What can you do? If you are in a policy that you think is more expensive than the rest of the market, you have the option to port. But isn’t porting a near impossibility for senior citizens? “No, it not so these days. Recently we ported a 90-year-old from a policy that had sub-limits to a policy offering more comprehensive coverage,” says Chhabra. If the senior citizen has a major ailment, then porting becomes difficult.

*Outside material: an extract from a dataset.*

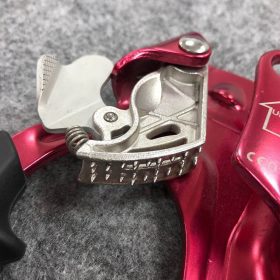 อุปกรณ์บีบจับเชือกมือซ้าย รุ่น Y-LHA-A YAMADA STINTERTRADE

Senior citizens can also reduce their policy premiums by opting for co-payment and deductible (where the insured has to bear the first lakh or more himself), though these options are not advisable. “Make sure the policy provides coverage for the broadest range of ailments with limited exclusions,” says Prasun Sikdar managing director and chief executive officer, ManipalCigna Health Insurance. Also, buy a retail policy, which is more tightly regulated, instead of depending on a group policy.
“Buy a health policy at a young age, especially when you are healthy,” says Sikdar. This will help avoid the issue of loading for pre-existing diseases.
Finally, do not depend on insurance alone. “Start creating a health insurance corpus as well from a young age so that you are not dependent on your policy alone,” says Mahavir Chopra, founder, Beshak.org.